Für ein Berufsverbot, wie die Praxis des Radikalenerlasses bald im In- und Ausland genannt wurde, reichte die Mitgliedschaft in einer legalen linken Partei in einer pazifistischen Organisation, aber auch schon die Freundschaft oder die Wohngemeinschaft mit vermeintlich radikalen Linken. Das Klima der Gesinnungsschnüffelei wurde in vielen zeitgenössischen Romanen unter anderem von Heinrich Böll gut beschrieben. Maaßen knüpft mit seinen Äußerungen zum Öffentlich-Rechtlichen Rundfunk an diesen Radikalenerlass an und kann sich dabei durchaus auf die Unionspolitik berufen.

Während die Mehrheit der SPD und der FDP heute diesen Radikalenerlass als politischen Fehler sieht, hat die Union bisher immer daran festgehalten. Sie hat in Länderparlamenten wie in Niedersachsen und Hessen die Praxis der Berufsverbote bis heute verteidigt. Bedeutet also die Distanzierung von Maaßen, dass man das Unrecht der Berufsverbote jetzt anerkennt?

Dann hätte die Union ja auch Gelegenheit, zum 50. Jahrestag des Radikalenerlasses im nächsten Jahr die Opfer dieser Praxis zu rehabilitieren und zu entschädigen. Schließlich waren die Berufsverbote oft mit prekären Beschäftigungsverhältnissen verbunden. Viele der Betroffenen leben heute in Altersarmut. Einige von ihnen haben eine Initiative für ihre Rehabilitierung und Entschädigung zum 50 Jahrestag gestartet. Da hätte die Union Gelegenheit zu beweisen, dass die Forderungen von Maaßen nach einen Radikalenerlass für Journalisten nicht mehr zu ihren Werten gehört.

Vom Adenauer-TV zur "Rotfunk-Kampagne"

Auch mit seiner Kampagne gegen die angeblich linkslastigen Öffentlich-rechtlichen Medien befindet sich Maaßen ganz in einer langen Tradition der Union, die bis zu Konrad Adenauer zurückreicht. So ist heute wenig bekannt, dass der erste deutsche Bundeskanzler vor 60 Jahren ein staatsgelenktes Fernsehen als Alternative zur angeblich linkslastigen ARD aufbauen wollte. Nachdem das Bundesverfassungsgericht das Projekt Adenauer-TV für verfassungswidrig erklärt hatte, wurde das ZDF als konservatives Gegengewicht gegen die angeblich linkslastige ARD etabliert. Für die Adenauer-CDU war die ARD zum Feindbild geworden, weil dort auch Sozialdemokraten an führender Stelle arbeiteten.

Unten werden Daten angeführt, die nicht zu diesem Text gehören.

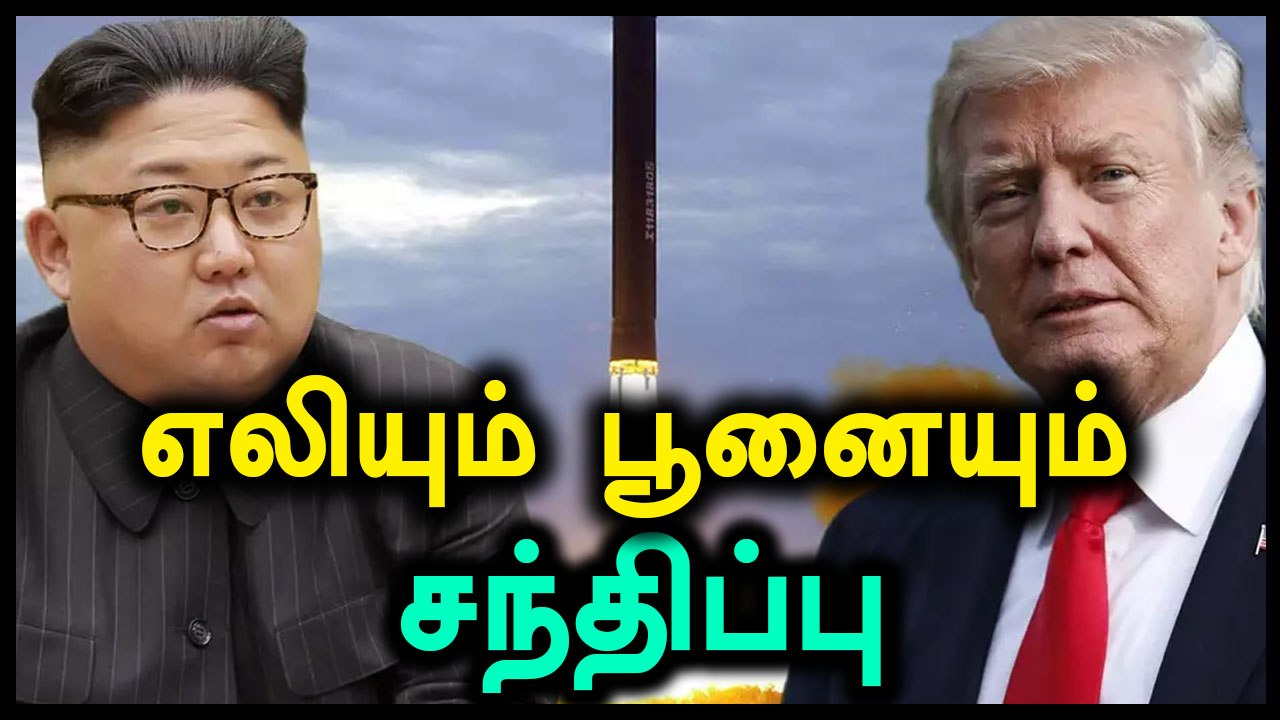அமெரிக்க அதிபர் டிரம்பும் வட கொரிய அதிபரும் விரைவில் சந்திப்பு- வீடியோ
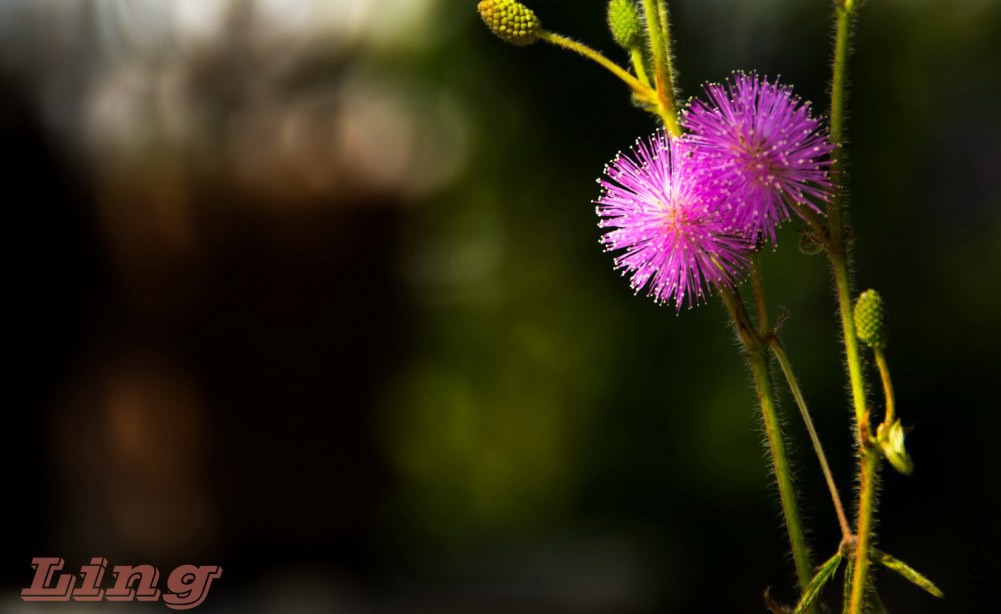 DSC_0757a.jpg
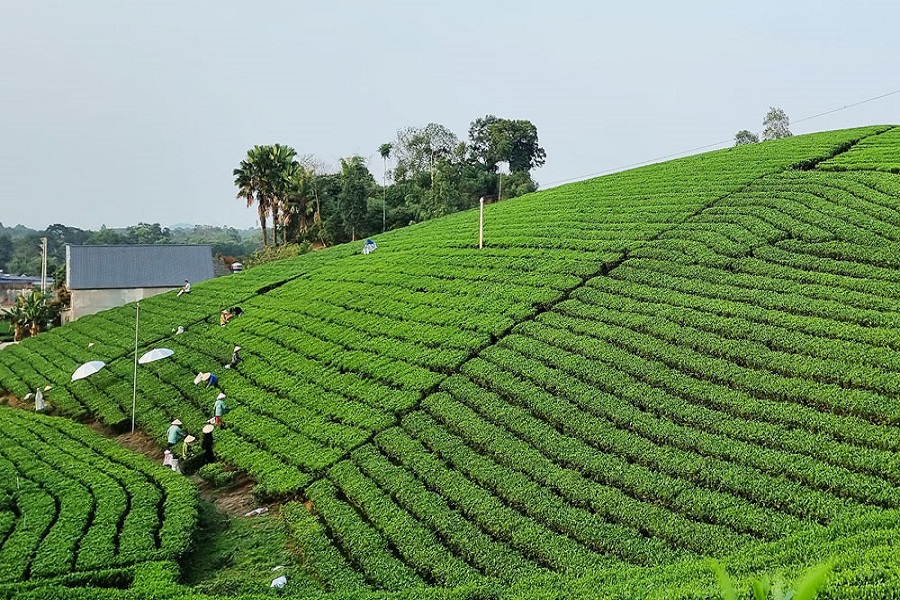 Lâm Đồng: Hiệu quả từ mô hình sản xuất chè hữu cơ gắn với liên kết theo chuỗi giá trị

Wenn Maaßen sich bereits 2018 in einer Rede über angeblich linksradikale Bestrebungen in der Sozialdemokratie ausgelassen hat, stand er also ganz in der Tradition der Adenauer-CDU. Die Aversion gegen den angeblich linkslastigen öffentlich-rechtlichen Rundfunk setzte die Union Anfang der 1970er-Jahre mit der sogenannten "Rotfunk-Kampagne" fort. Besonders im Visier standen die Sender WDR und NDR. Damals polemisierte die Union gegen jüngere Journalisten, die von dem gesellschaftlichen Aufbruch nach 1968 geprägt waren, was auch in ihren Sendungen zum Ausdruck kam. Im Spiegel-Archiv kann man nachlesen, wie sich führende Unionspolitiker, die heute niemand mehr kennt, damals über angeblich linkslastige Journalisten äußerten

"Wir sind es satt". wetterte CDU-Spitzenkandidat Heinrich Köppler. "uns mit der Dauerberieselung von Linkspropaganda von morgens bis abends zufriedenzugeben." Köpplers Parteifreund Heinrich Windelen drohte: "Der WDR darf nicht zur Ausweichadresse werden für diejenigen, die wegen ihrer politischen Einstellung im öffentlichen Dienst nicht unterkommen können." Davon hat sich kein Unionspolitiker distanziert, auch nicht diejenigen, die jetzt Maaßen vorwerfen, mit seiner Medienschelte die Werte der Union nicht mehr zu vertreten. Der hat sein Lamento über den angeblich linkslastigen Rundfunk im Privatfernsehen gezündet, die folgenreichste Rache von Helmut Kohl gegen die angeblich linkslastigen öffentlich-rechtlichen Medien.